And one extra bit. The return argument retPos is optional. if you call the function as follows
var retPos;
mainLoop(){
retPos = getHex(mouse.x, mouse.y, retPos);
}
the code will not incur a GC hit, further improving the speed.
Pixel to Hex coordinates
From Question diagram returns hex cell x,y pos. Please note that this function only works in the range 0 <= x, 0 <= y if you need negative coordinates subtract the min negative pixel x,y coordinate from the input
// the values as set out in the question image
var r = 50;
var w = r * 2;
var h = Math.sqrt(3) * r;
// returns the hex grid x,y position in the object retPos.
// retPos is created if not supplied;
// argument x,y is pixel coordinate (for mouse or what ever you are looking to find)
function getHex (x, y, retPos){
if(retPos === undefined){
retPos = {};
}
var xa, ya, xpos, xx, yy, r2, h2;
r2 = r / 2;
h2 = h / 2;
xx = Math.floor(x / r2);
yy = Math.floor(y / h2);
xpos = Math.floor(xx / 3);
xx %= 6;
if (xx % 3 === 0) { // column with diagonals
xa = (x % r2) / r2; // to find the diagonals
ya = (y % h2) / h2;
if (yy % 2===0) {
ya = 1 - ya;
}
if (xx === 3) {
xa = 1 - xa;
}
if (xa > ya) {
retPos.x = xpos + (xx === 3 ? -1 : 0);
retPos.y = Math.floor(yy / 2);
return retPos;
}
retPos.x = xpos + (xx === 0 ? -1 : 0);
retPos.y = Math.floor((yy + 1) / 2);
return retPos;
}
if (xx < 3) {
retPos.x = xpos + (xx === 3 ? -1 : 0);
retPos.y = Math.floor(yy / 2);
return retPos;
}
retPos.x = xpos + (xx === 0 ? -1 : 0);
retPos.y = Math.floor((yy + 1) / 2);
return retPos;
}
Hex to pixel
And a helper function that draws a cell given the cell coordinates.

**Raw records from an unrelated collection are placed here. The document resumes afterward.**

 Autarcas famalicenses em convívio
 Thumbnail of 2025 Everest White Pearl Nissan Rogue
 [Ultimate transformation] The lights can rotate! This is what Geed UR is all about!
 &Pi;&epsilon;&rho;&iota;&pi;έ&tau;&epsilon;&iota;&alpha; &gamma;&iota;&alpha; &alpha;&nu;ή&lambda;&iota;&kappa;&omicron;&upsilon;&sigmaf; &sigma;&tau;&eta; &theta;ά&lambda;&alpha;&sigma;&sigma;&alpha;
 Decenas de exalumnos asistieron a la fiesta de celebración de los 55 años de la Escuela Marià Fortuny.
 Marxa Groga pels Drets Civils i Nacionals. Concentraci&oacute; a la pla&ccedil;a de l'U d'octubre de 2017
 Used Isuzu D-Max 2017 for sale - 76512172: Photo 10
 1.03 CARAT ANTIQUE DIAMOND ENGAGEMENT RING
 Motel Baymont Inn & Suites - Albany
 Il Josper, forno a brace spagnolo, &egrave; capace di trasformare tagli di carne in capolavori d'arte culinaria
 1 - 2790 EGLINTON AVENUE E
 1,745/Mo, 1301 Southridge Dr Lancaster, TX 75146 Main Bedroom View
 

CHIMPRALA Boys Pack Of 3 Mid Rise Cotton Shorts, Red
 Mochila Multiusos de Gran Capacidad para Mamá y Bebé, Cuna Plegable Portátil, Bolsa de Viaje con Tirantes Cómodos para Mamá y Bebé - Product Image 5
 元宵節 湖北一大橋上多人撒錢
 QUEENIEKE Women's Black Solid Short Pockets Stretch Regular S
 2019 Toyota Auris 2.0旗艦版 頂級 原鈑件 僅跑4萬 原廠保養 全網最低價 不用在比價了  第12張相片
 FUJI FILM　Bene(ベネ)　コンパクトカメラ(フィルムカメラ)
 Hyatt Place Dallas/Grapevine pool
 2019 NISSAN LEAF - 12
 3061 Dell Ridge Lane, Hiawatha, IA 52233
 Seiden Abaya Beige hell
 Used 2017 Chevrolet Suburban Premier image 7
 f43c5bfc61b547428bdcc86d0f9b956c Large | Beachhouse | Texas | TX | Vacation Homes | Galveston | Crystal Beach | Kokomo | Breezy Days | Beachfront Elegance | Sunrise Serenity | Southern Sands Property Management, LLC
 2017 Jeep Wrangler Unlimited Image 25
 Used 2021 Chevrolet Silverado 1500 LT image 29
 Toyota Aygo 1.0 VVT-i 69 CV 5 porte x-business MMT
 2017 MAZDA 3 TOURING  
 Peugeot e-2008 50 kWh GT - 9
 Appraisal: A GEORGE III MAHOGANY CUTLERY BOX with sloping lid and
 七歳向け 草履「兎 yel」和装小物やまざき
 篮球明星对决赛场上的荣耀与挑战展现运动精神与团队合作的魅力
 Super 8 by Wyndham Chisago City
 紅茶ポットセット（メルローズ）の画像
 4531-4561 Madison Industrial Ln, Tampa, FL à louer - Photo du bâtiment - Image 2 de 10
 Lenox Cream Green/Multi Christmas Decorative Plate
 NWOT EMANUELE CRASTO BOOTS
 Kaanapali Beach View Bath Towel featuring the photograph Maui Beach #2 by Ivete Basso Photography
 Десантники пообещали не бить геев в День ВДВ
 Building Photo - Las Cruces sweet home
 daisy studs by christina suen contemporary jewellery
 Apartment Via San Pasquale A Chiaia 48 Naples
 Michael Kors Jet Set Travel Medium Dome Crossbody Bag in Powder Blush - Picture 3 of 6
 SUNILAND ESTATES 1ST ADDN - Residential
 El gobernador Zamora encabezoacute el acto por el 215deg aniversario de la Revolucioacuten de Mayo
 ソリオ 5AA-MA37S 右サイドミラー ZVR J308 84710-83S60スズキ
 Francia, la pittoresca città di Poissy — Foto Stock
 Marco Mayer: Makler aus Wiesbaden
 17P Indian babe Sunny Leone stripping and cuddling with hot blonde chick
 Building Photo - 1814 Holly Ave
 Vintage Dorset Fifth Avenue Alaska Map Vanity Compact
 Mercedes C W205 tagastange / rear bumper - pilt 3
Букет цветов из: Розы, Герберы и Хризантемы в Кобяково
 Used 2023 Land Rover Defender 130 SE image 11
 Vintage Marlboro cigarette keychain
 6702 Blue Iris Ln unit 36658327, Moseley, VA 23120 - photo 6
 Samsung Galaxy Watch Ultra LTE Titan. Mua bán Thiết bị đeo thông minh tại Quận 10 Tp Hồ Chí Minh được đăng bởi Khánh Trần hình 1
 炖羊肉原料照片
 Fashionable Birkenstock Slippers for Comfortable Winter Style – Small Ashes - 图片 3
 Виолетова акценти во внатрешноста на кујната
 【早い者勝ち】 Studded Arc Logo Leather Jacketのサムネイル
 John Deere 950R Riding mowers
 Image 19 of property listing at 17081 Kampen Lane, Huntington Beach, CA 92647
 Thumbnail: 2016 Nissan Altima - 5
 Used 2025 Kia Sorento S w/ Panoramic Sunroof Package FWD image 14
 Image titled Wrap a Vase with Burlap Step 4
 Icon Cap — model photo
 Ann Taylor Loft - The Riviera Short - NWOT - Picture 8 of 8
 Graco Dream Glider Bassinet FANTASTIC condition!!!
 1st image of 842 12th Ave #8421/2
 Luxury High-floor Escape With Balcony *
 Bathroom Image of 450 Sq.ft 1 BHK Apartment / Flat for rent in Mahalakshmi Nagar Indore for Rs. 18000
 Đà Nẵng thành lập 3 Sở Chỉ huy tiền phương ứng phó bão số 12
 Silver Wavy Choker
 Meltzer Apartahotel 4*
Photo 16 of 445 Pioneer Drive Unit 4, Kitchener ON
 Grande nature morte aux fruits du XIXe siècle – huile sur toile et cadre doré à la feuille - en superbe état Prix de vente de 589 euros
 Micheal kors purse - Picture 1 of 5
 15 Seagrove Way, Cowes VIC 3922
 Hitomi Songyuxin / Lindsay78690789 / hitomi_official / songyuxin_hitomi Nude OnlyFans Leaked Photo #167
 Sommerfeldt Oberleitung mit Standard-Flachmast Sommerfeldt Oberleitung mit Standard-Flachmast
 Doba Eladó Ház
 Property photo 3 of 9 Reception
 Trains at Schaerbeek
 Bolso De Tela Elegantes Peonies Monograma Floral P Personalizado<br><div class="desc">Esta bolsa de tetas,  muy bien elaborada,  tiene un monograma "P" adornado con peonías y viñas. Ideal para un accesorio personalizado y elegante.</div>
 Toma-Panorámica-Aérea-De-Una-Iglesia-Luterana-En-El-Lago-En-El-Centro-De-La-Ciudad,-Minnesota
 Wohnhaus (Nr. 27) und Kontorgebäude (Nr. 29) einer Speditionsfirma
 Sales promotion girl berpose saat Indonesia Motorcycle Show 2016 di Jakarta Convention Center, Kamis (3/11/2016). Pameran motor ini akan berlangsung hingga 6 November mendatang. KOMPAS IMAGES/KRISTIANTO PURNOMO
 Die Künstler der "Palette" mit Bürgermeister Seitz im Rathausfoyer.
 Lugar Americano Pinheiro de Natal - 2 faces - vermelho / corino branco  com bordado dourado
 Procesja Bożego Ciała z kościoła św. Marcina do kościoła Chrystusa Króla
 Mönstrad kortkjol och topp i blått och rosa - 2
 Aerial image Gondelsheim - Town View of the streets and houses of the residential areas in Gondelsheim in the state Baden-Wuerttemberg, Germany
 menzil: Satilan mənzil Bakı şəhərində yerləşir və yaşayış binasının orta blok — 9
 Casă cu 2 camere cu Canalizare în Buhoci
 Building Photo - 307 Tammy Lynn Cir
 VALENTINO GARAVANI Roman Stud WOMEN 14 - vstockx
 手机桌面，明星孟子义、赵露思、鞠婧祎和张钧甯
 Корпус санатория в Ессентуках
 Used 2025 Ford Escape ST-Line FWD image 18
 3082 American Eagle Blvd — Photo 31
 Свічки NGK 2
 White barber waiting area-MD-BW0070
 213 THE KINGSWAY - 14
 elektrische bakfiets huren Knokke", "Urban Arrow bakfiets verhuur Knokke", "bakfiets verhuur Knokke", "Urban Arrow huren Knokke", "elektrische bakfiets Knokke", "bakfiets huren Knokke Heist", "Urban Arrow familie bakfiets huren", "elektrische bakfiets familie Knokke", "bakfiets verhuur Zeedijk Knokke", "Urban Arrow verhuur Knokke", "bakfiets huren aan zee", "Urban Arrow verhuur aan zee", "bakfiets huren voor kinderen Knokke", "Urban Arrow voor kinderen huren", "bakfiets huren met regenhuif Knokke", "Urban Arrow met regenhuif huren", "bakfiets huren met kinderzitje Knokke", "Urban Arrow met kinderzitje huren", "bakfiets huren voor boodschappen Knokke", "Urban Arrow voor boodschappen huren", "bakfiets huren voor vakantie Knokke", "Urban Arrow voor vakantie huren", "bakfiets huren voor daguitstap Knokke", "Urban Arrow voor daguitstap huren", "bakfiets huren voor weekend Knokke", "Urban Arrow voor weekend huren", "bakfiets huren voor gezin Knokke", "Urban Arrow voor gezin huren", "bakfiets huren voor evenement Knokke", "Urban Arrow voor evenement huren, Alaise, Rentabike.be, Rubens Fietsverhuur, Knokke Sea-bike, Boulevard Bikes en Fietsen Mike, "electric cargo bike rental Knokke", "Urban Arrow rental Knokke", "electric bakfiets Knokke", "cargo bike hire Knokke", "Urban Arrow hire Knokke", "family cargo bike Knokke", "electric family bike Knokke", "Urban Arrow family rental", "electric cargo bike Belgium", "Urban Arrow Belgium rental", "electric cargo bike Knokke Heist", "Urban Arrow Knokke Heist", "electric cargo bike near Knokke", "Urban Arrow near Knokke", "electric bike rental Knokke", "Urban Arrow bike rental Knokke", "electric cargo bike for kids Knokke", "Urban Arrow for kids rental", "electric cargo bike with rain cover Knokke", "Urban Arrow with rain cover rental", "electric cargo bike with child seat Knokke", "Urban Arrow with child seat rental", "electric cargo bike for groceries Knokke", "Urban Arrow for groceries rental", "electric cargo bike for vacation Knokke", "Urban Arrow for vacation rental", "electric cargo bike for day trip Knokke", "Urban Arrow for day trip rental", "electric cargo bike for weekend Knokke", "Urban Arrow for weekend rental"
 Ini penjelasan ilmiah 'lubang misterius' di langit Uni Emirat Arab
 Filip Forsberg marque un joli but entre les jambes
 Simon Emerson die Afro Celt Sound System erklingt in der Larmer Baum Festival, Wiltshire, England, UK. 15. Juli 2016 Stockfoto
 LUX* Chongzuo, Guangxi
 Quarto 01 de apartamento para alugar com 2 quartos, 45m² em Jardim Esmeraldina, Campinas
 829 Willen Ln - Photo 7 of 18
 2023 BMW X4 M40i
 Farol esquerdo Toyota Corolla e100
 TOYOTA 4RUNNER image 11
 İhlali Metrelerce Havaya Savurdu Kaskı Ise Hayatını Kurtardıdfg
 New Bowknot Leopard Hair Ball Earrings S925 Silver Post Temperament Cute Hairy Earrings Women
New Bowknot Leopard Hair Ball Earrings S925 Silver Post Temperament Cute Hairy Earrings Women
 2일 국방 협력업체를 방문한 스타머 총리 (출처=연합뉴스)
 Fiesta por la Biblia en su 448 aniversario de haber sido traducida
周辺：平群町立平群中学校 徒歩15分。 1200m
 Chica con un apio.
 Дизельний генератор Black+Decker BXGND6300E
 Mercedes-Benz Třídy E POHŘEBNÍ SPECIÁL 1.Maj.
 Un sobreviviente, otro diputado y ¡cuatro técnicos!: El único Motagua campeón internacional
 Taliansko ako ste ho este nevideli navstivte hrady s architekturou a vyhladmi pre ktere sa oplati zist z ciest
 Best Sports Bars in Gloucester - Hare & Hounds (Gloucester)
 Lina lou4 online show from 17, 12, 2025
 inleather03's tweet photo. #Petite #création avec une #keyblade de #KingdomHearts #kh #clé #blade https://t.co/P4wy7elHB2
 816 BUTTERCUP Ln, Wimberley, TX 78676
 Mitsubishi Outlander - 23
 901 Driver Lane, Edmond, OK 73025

// Helper function draws a cell at hex coordinates cellx,celly
// fStyle is fill style
// sStyle is strock style;
// fStyle and sStyle are optional. Fill or stroke will only be made if style given
function drawCell1(cellPos, fStyle, sStyle){
var cell = [1,0, 3,0, 4,1, 3,2, 1,2, 0,1];
var r2 = r / 2;
var h2 = h / 2;
function drawCell(x, y){
var i = 0;
ctx.beginPath();
ctx.moveTo((x + cell[i++]) * r2, (y + cell[i++]) * h2)
while (i < cell.length) {
ctx.lineTo((x + cell[i++]) * r2, (y + cell[i++]) * h2)
}
ctx.closePath();
}
ctx.lineWidth = 2;
var cx = Math.floor(cellPos.x * 3);
var cy = Math.floor(cellPos.y * 2);
if(cellPos.x % 2 === 1){
cy -= 1;
}
drawCell(cx, cy);
if (fStyle !== undefined && fStyle !== null){ // fill hex is fStyle given
ctx.fillStyle = fStyle
ctx.fill();
}
if (sStyle !== undefined ){ // stroke hex is fStyle given
ctx.strokeStyle = sStyle
ctx.stroke();
}
}
I think you need something like this~
EDITED
I did some maths and here you have it. This is not a perfect version but probably will help you...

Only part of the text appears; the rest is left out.